● **Exercise objective**
When the line with "Another clue comes" turns up below, begin repeating exactly, and carry on through the line with "Dollar rupee future weekly"; no pictures go into the copy.

● **Task inputs**

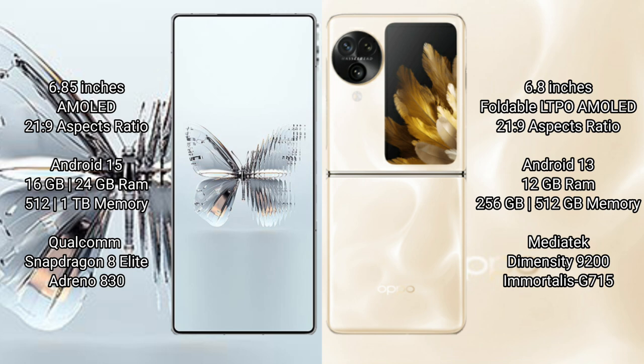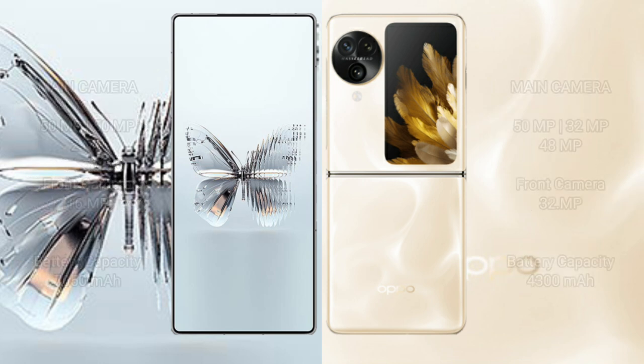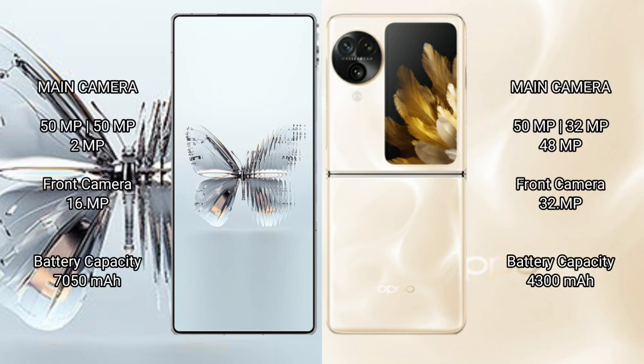The OPPO Find N3 Flip comes with 12 GB RAM and 256 GB or 512 GB internal storage, powered by a MediaTek Dimensity 9200 processor with a Mali-G715 GPU.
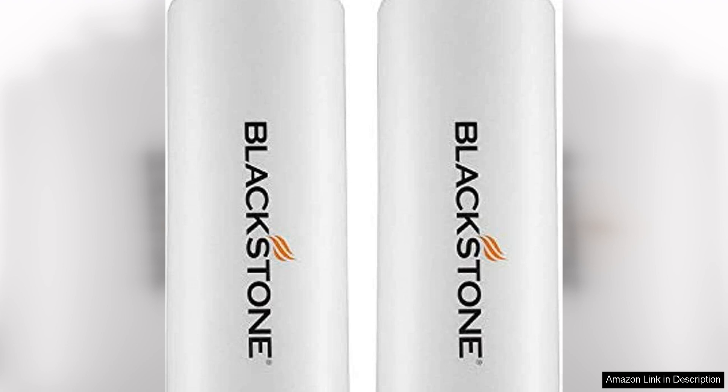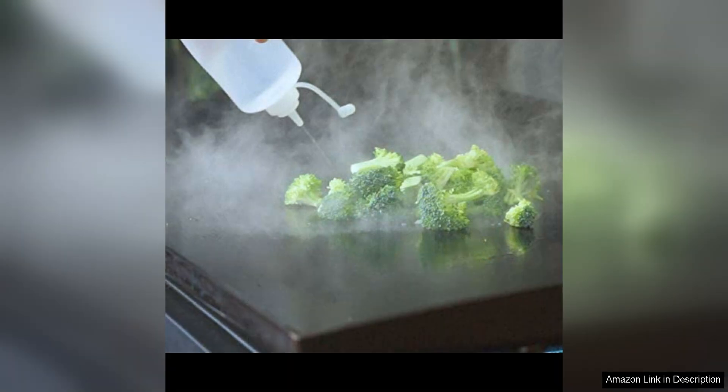One of the standout features of these bottles is their leak-free design. The lids are designed to create a tight seal that prevents any leaks or spills, making them perfect for storing liquids that can be messy if not properly contained.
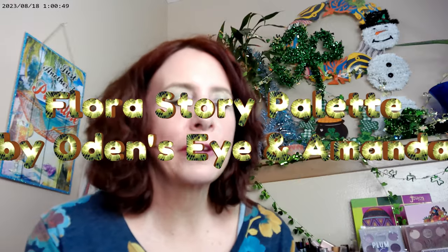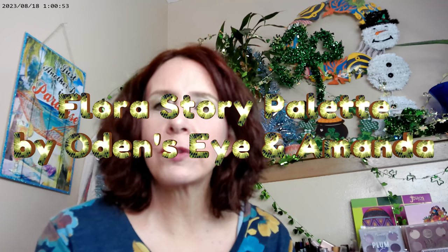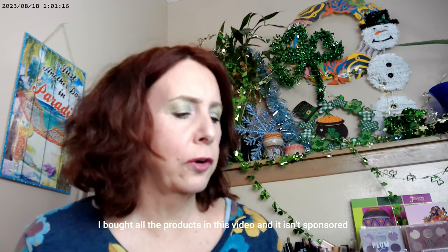Hi, it's Adrienne. How are you doing today? It's the day before St. Patrick's Day and I wanted to get in one more green look before it's over. Summer is coming and we can do more green looks, but I have one palette that's been in a whole bunch of different videos and I don't think I ever did a dedicated video on it. So that's what we're doing today — let's get started.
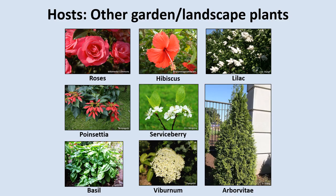Finally, here are some of the garden and landscaping plants the Spotted Lanternfly has been reported to feed on. They've been found on roses, hibiscus, lilac, poinsettia, serviceberry, viburnum, arborvitae, and even basil. They can feed on many other plants and are known to attack well over a hundred different species.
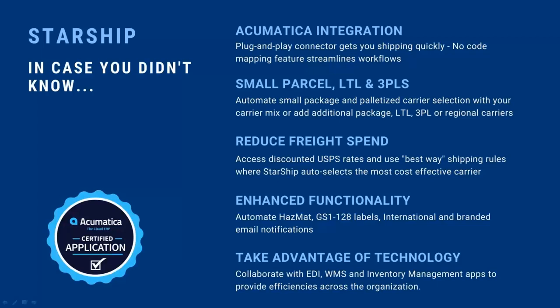If you need to do hazmat shipping, we have a whole database where we can set up and store hazmat items and their requirements. Starship fully supports the ability to ship hazmat-type items. If we're using trading partners that require GS1-128 or UCC-128 labels, Starship can generate those. We also integrate with EDI solutions. Once we process a shipment through Starship, it sends shipping information back into Acumatica and can also update the EDI solution, so no one has to manually type in required EDI shipping information.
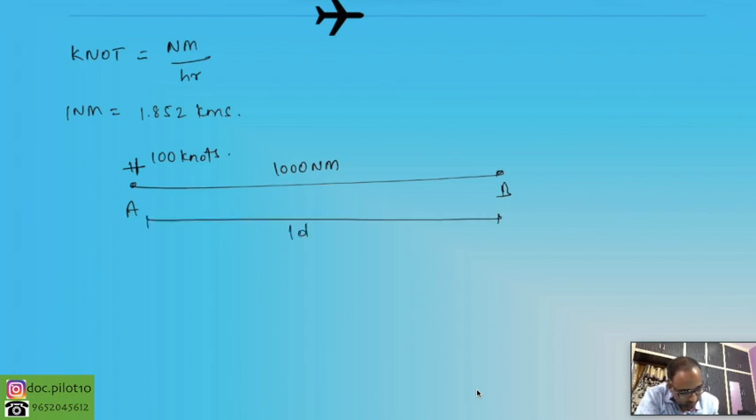A quick note on speed units: a knot is one nautical mile per hour. One nautical mile equals 1.852 kilometres. For example, if the distance from A to B is 1,000 nautical miles and the aircraft speed is 100 knots, it can reach B in 10 hours — since it travels 100 nautical miles per hour. Now let's talk about True Air Speed (TAS) versus ground speed.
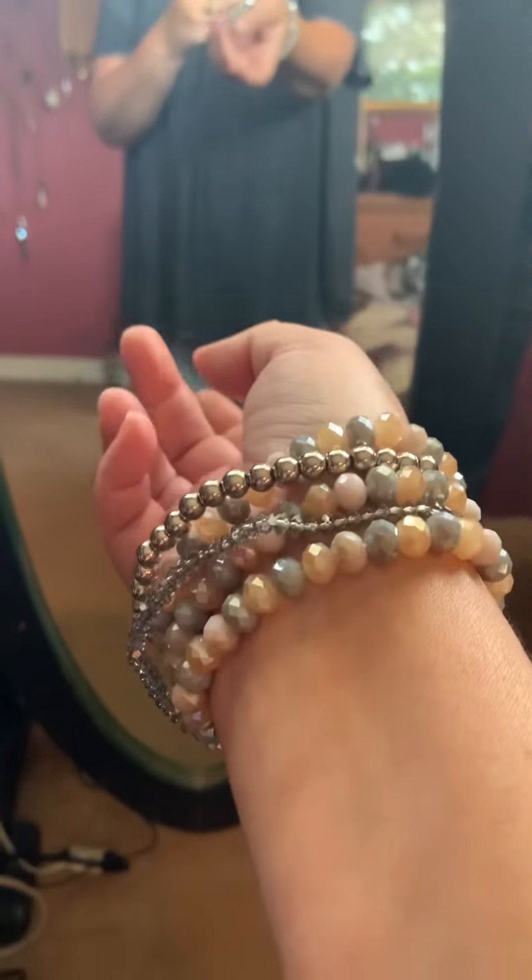I also have this in kind of a teal green. I'm just wearing some gunmetal gray hoops with rhinestones around them, also from Torrid. And a collection of stretch bracelets, also from Torrid.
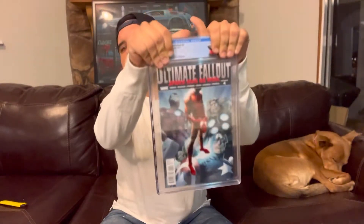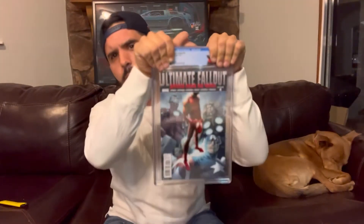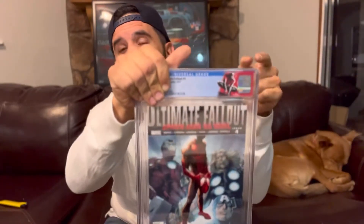What is the book? Ultimate Fallout 4 — first appearance of Miles Morales. I love this label by the way. These labels look great. I thought these could be 9.6s to 9.8s, but as I saw in my last CGC submission, that doesn't mean a damn thing.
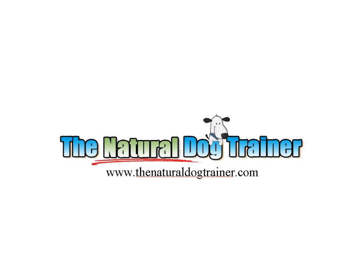Hey gang, this is Tom from TheNaturalDogTrainer.com with another video. Today we're going to talk about how to housebreak a puppy.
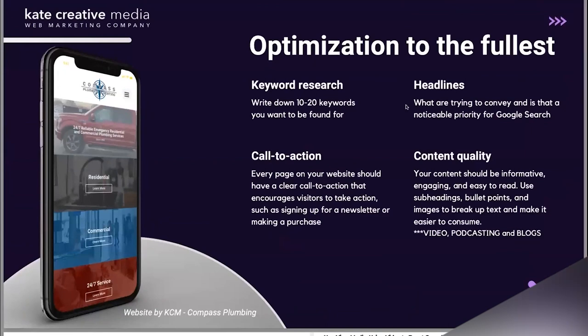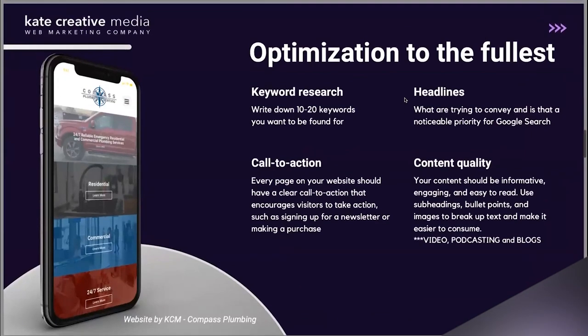Once you've made sure the website is loading fast, the messaging is on brand, and Google is happy with the website — the next thing we do with every single client, whether we're designing a website or doing marketing for them, is keyword research.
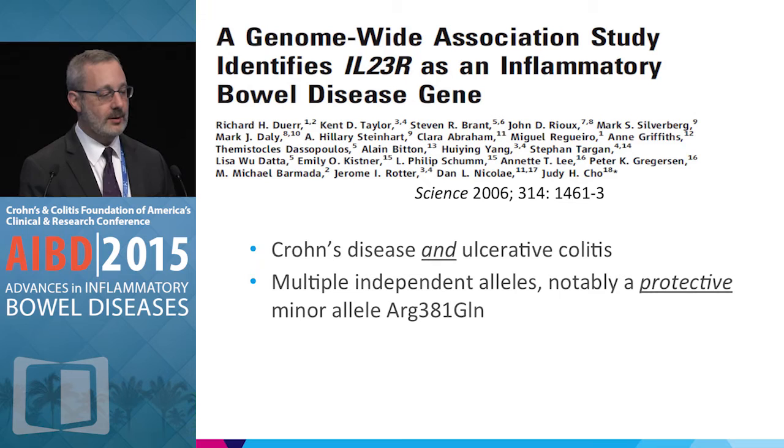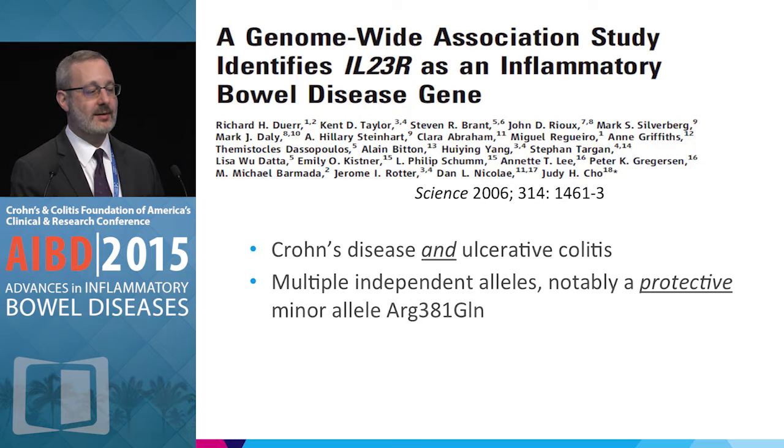Another clue comes from genetics. For going on 10 years, we've understood that IL-23 receptor polymorphisms are an important finding in the risk for inflammatory bowel disease — importantly, as a factor in both Crohn's disease and ulcerative colitis susceptibility. There are multiple independent alleles, as well as a protective minor allele: if you carry this particular IL-23 receptor allele, you are far less likely to have Crohn's disease or ulcerative colitis, which suggests that blocking IL-23 may yield benefit in treatment.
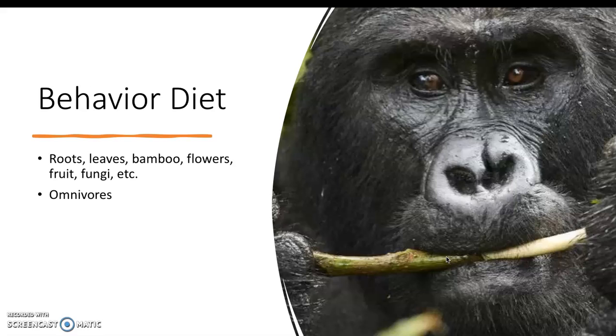The diet for the gorilla includes roots, leaves, bamboo, flowers, fruit, fungi, and other plants and vegetables. As you can see on the right, there is a picture of one eating a piece of bamboo. They are omnivores.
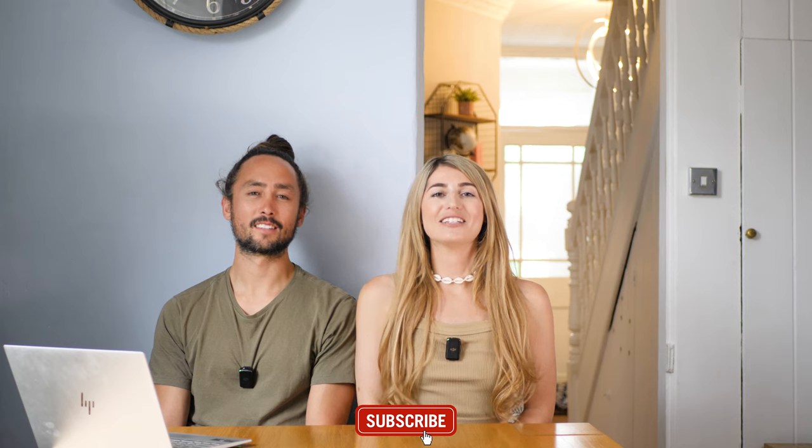Thank you guys for watching. Everything featured here will be listed in the description below with a separate full vlog on each destination, so go and check those out. If you liked this video please like and subscribe, and if you think we missed any destinations that should have been in the top 10 then comment below — otherwise we'll see you next time.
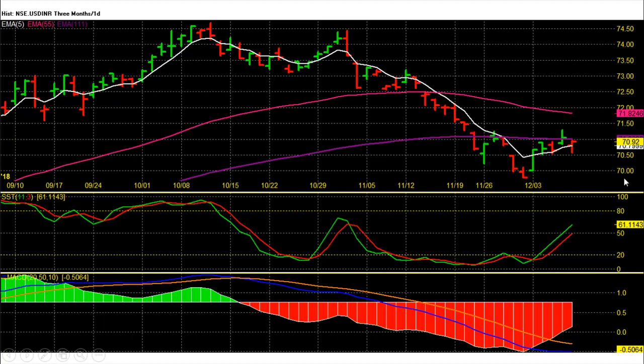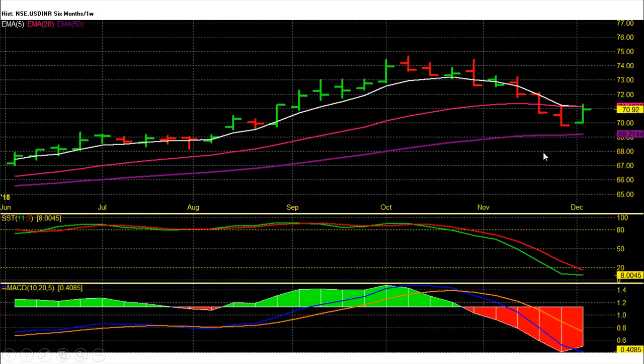Dollar rupee future weekly chart technical analysis: on the weekly chart, dollar rupee future is showing gains for this week. This was the first gaining week for dollar after the last three weeks of sell-off. This week we saw a rally from 70 to 71.3, meaning a 1.3 rupee or 2% move from the lows. From a medium to long term view,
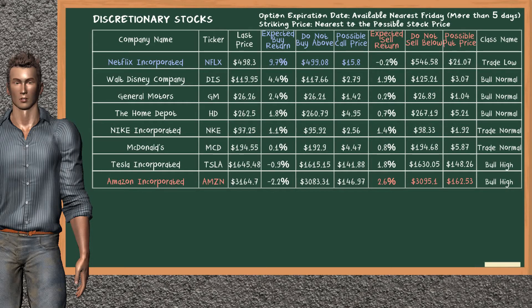Let's look at the stocks table of the Discretionary Sector. There is a mild opportunity to buy Netflix Inc. You can observe it has an expected buy return of 9.7%. You may buy it at a maximum price of $499.08. For call option, a possible call price is at $15.80.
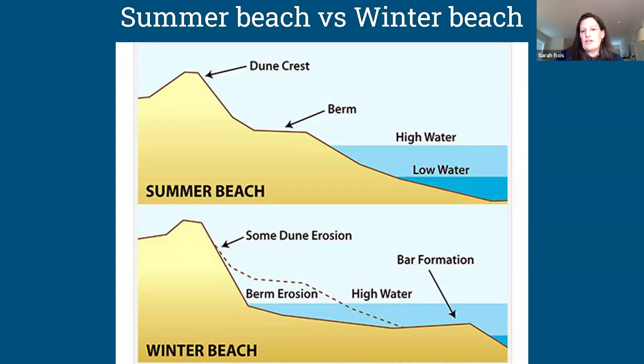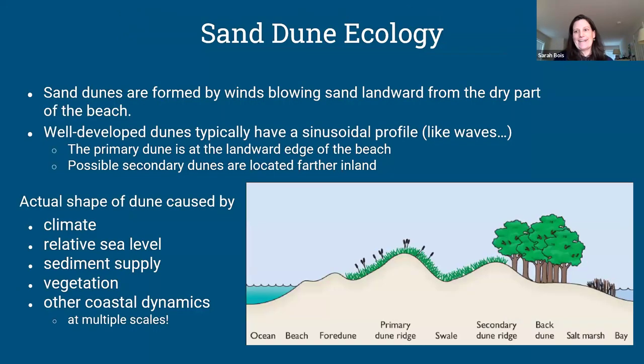This summer beach versus winter beach cycle has historically been what we find. Vulnerability comes in winter when the berm is gone and additional storms cause extra erosion beyond the long-term average. We measure this through beach profiling, measuring the shape of the beach to see how much sand is lost in a seasonal cycle versus an annual cycle, and to distinguish long-term erosion from just seasonal erosion.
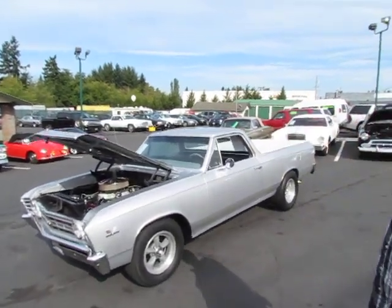Here we are again, Mark and Kevin, Compact Car Corner. We got a 1967 El Camino, big block, four speed — beautiful car.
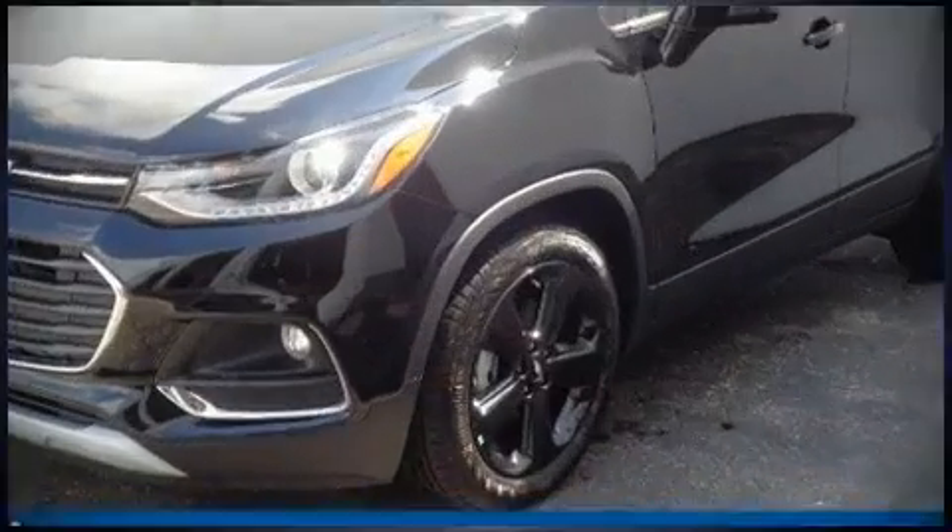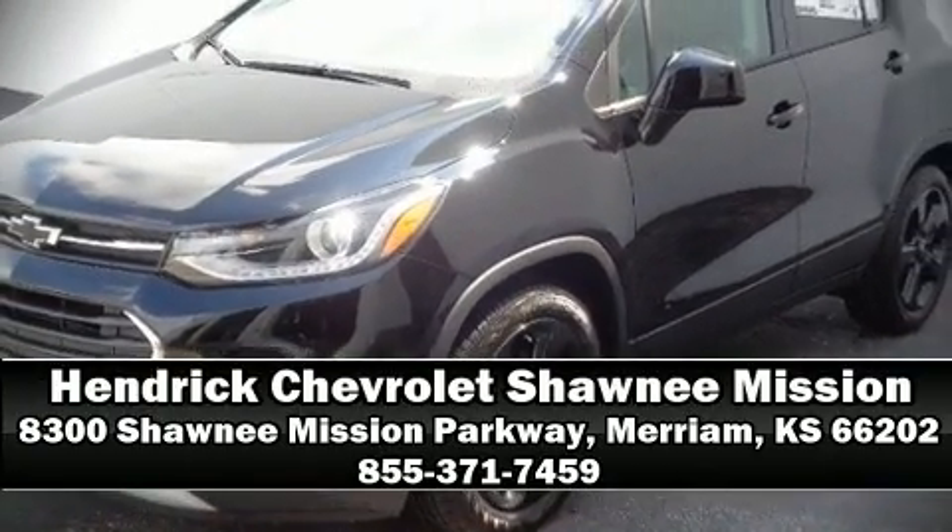Our sales reps are knowledgeable and professional. Come on in and take a test drive. We'll see you soon.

● **Answer to the exercise**
Another clue comes from genetics. For going on 10 years, we've understood that IL-23 receptor polymorphisms are an important finding in the risk for inflammatory bowel disease — importantly, as a factor in both Crohn's disease and ulcerative colitis susceptibility. There are multiple independent alleles, as well as a protective minor allele: if you carry this particular IL-23 receptor allele, you are far less likely to have Crohn's disease or ulcerative colitis, which suggests that blocking IL-23 may yield benefit in treatment.
The diet for the gorilla includes roots, leaves, bamboo, flowers, fruit, fungi, and other plants and vegetables. As you can see on the right, there is a picture of one eating a piece of bamboo. They are omnivores.
Thank you guys for watching. Everything featured here will be listed in the description below with a separate full vlog on each destination, so go and check those out. If you liked this video please like and subscribe, and if you think we missed any destinations that should have been in the top 10 then comment below — otherwise we'll see you next time.
Dollar rupee future weekly chart technical analysis: on the weekly chart, dollar rupee future is showing gains for this week. This was the first gaining week for dollar after the last three weeks of sell-off. This week we saw a rally from 70 to 71.3, meaning a 1.3 rupee or 2% move from the lows. From a medium to long term view,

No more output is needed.